Mike Henderson has settled into his life – a wife, a child and living in the suburbs of Oakland. He still drives to U.C. Davis two times a week to teach, but spends most of his time in his studio out back, behind the house, painting and making music. Yes, he has settled in, but certainly not settled. He admits to feeling the pressure of time. He wants to leave a legacy that will, in his words, “stand the test of time.” “In my younger years, I had to go and see and experience. I’m glad I did it. But this is my most valuable time. I want to roll the dice and see what I come up with, put it all on the table. When I was 45, I could have said I’m still young enough to do something else, but now, well, I’m committed. Every mark I make, every note I play, is forever. Gotta make it count.”

Written by: Erin Clark

Artworks Magazine – Spring 2006

5 Comments »

  • Mike Carr says:

    Hi Mike,

    My name is Mike. Tonight I was listening to an old recording of an acquaintance/friend of mine from the about 1970 we met , and talked for a few nights , over a few weekends, his name was Michael Bloomfield. I could go on for a while about the conversation at times. Unfortunately it has been a long time almost 40 years, I astound my wife about the things I remember and I tell her
    that this is the impression Mike left on me. Michael is one of the reasons I became more interested in Blues music and why I have returned to it as a hobby.
    I now live here in Castro Valley CA I’m still in the Bay Area after all these years.

    Mike Carr

  • Kay says:

    Hi Mike Henderson, I really enjoyed reading about your journey in the arts. I’m a native San Franciscan – and was living in S.F at the time you were. I lived in the Haight when all the hippie happenings, Vietnam, civil rights were going down. The Fillmore & the Avalon & Winterland. Hearing Janis Joplin & Grace Slick & Muddy Waters & Howlin Wolf & Paul Butterfield- in person. Yes, I’m a Blues fan too. What a time, people were really in the process of evolving, social consciousness was at its’ peak. How I wish I had been at the San Francisco Art Institute then – I learned about my passion for art later in life. I really enjoyed seeing the progression of your art evolve into your wonderful abstracts. Peace brother!

  • Todd Purnick says:

    I love the work that the mag has posted here. I need to google you and see more.

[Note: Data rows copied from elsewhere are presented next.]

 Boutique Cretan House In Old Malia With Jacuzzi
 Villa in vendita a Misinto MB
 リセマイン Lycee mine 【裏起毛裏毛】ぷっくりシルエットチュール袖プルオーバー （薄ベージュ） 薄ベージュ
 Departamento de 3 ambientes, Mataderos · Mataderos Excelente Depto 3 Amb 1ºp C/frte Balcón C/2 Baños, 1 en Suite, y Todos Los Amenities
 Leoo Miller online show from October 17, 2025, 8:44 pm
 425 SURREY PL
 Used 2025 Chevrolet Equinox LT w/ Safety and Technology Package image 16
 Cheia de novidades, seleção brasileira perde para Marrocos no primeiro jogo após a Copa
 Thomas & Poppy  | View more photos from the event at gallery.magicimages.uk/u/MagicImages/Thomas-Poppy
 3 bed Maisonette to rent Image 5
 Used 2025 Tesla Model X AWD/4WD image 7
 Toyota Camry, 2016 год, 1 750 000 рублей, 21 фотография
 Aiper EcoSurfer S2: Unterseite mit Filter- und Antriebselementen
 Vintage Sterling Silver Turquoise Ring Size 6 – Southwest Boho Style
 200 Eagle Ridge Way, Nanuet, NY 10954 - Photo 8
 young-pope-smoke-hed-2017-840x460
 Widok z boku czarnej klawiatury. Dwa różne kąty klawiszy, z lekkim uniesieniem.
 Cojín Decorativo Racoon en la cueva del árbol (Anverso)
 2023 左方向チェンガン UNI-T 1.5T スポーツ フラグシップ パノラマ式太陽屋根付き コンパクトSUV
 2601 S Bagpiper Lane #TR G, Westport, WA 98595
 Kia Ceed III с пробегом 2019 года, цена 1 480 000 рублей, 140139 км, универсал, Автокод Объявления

    Like you, I play guitar and paint. They seem to go hand in hand…One inspiring the other.

  • Chuck Massey says:

    Mike,(William)
    I remember picking you up at the bus station when you arrived here in S.F.
    My girlfriend, Rudi Faltus’, parents were notified that you would be arriving and asked that we meet you and bring you to their house.
    We found that we had a lot in common both being guitar playing artists. I’m happy that you thrived in the art world and proud to have known you.

  • Ashley Stephens says:

    Hello Mike, I visited di Rosa Preserve in Napa, CA resently, and I noticed a couple of your paintings. I just wanted to say that you have really talented work. I hope to go to other art galleries, and see you in them.